Brief descriptive captions
────────────────────
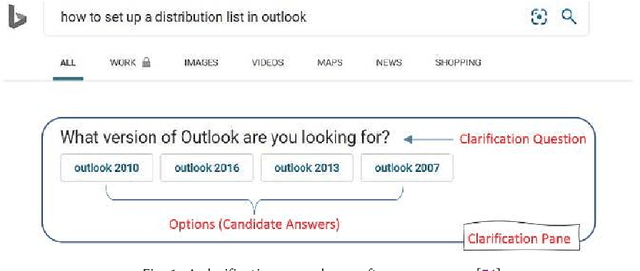 Figure 1 for Online and Offline Evaluation in Search Clarification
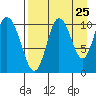 Puale Bay tide chart for Thursday, August 25, 2022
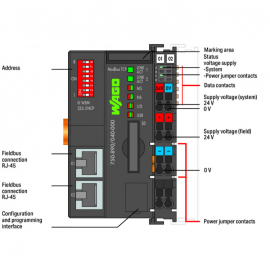 WAGO | 750-890/040-000 | CONTROLLER MODBUS TCP; 4TH GENERATI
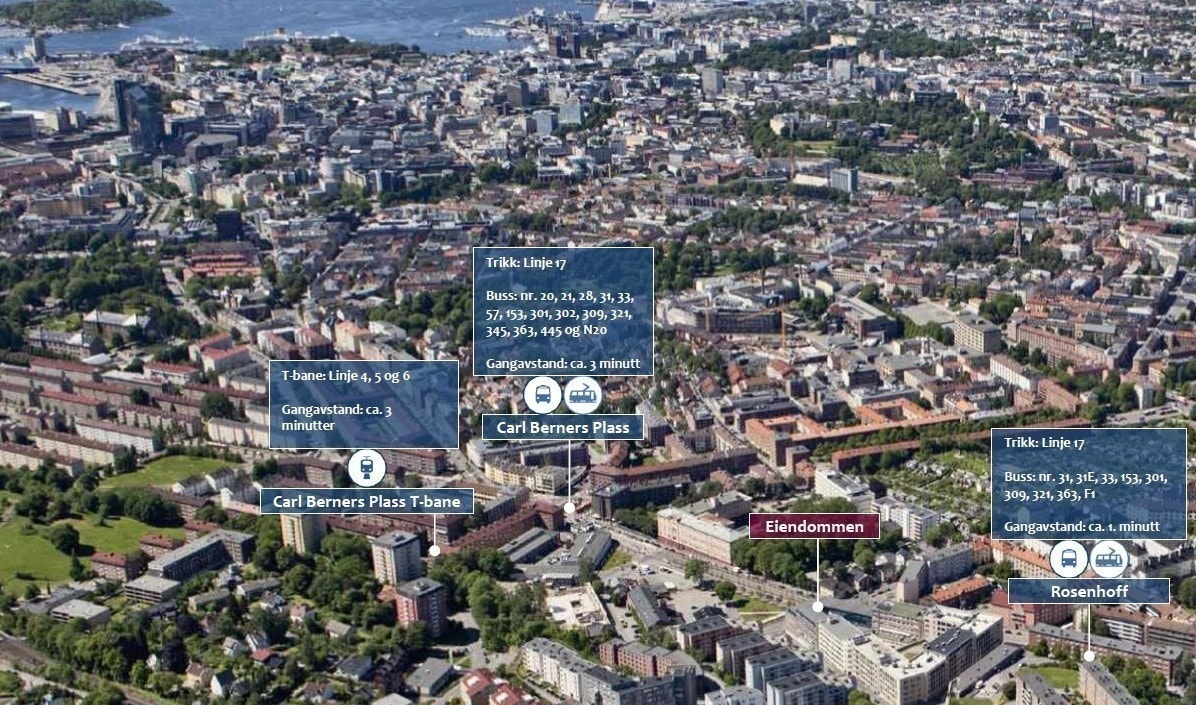 Oversiktebilde med offentlig kommuinikasjon Galleribilde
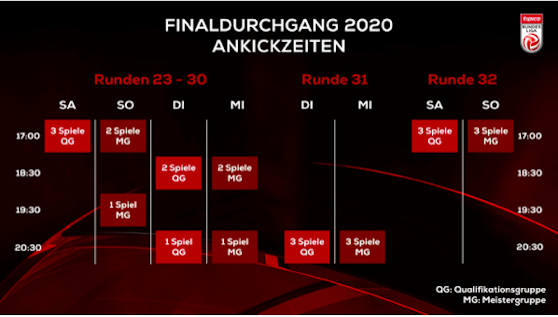 Die neuen Anstoßzeiten nach der Corona-Krise.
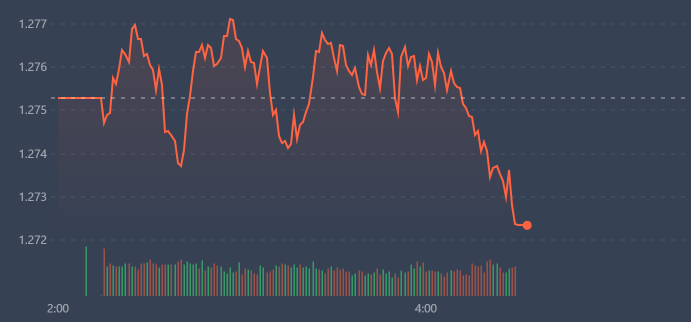 VN-Index trồi sụt quanh tham chiếu, nhưng l&uacute;c n&agrave;o số cổ phiếu giảm gi&aacute; cũng nhiều hơn tăng.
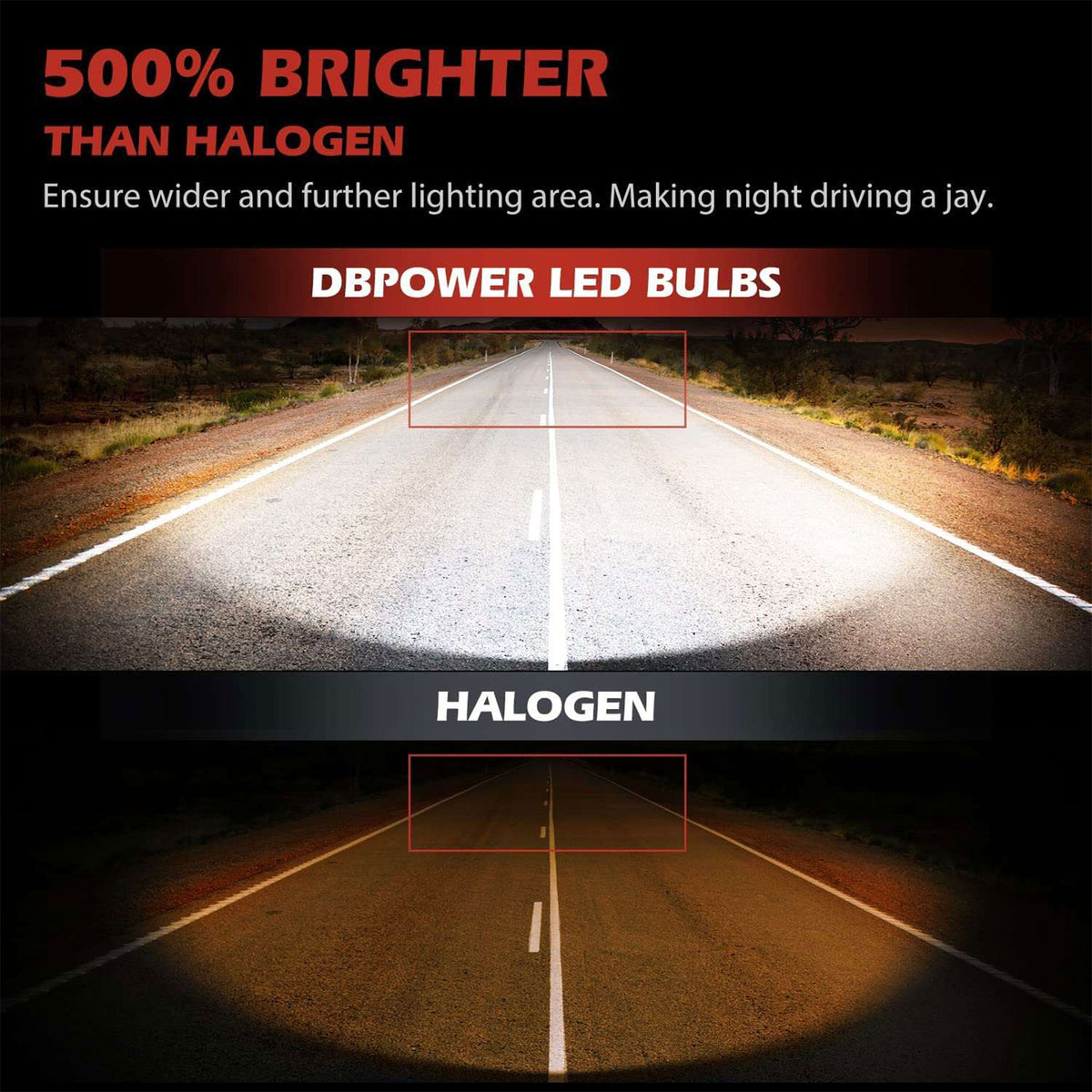 80W LED 12000 Lumen Vehicle Headlight Bulbs Combo (Set of 2) (Open Box)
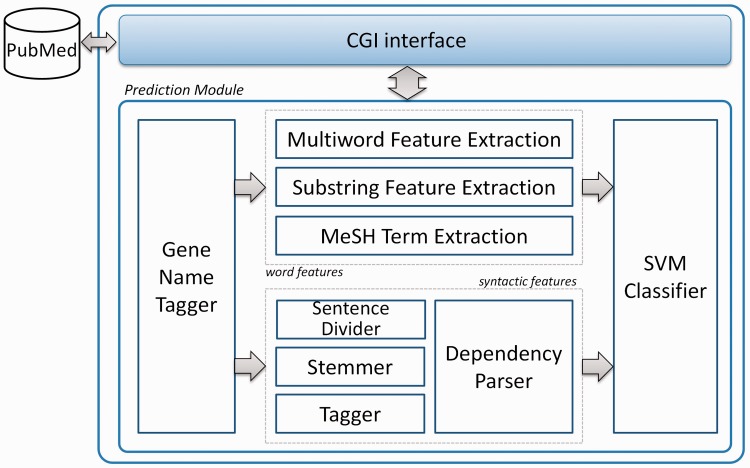 Figure 3.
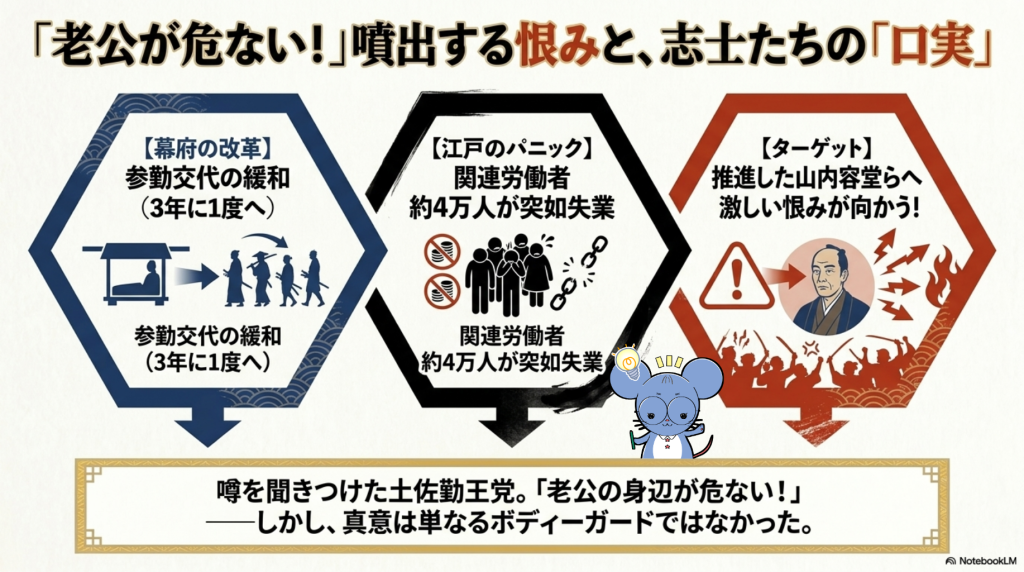 山内容堂公への危機を察知した土佐勤王党の有志が、護衛のために「五十人組」を結成する経緯を解説したスライド。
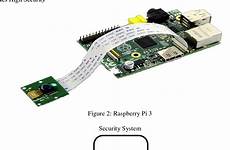 pi raspberry security system based iot using alert email pdf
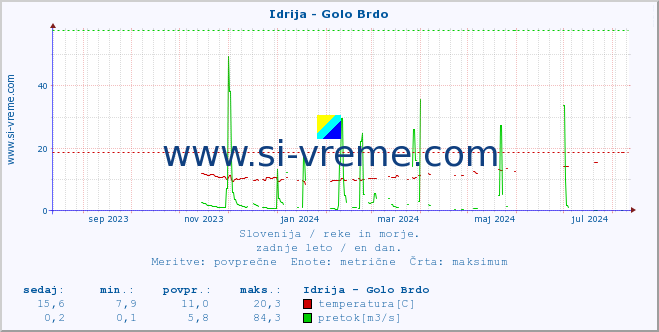 POVPREČJE :: Idrija - Golo Brdo :: temperatura | pretok | višina :: zadnje leto / en dan.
────────────────────
Only the lines from the one holding "VN-Index trồi sụt" through the end of the records belong in the answer, copied exactly and without pictures.

■ **Output of the exercise**:
 VN-Index trồi sụt quanh tham chiếu, nhưng l&uacute;c n&agrave;o số cổ phiếu giảm gi&aacute; cũng nhiều hơn tăng.
 80W LED 12000 Lumen Vehicle Headlight Bulbs Combo (Set of 2) (Open Box)
 Figure 3.
 山内容堂公への危機を察知した土佐勤王党の有志が、護衛のために「五十人組」を結成する経緯を解説したスライド。
 pi raspberry security system based iot using alert email pdf
 POVPREČJE :: Idrija - Golo Brdo :: temperatura | pretok | višina :: zadnje leto / en dan.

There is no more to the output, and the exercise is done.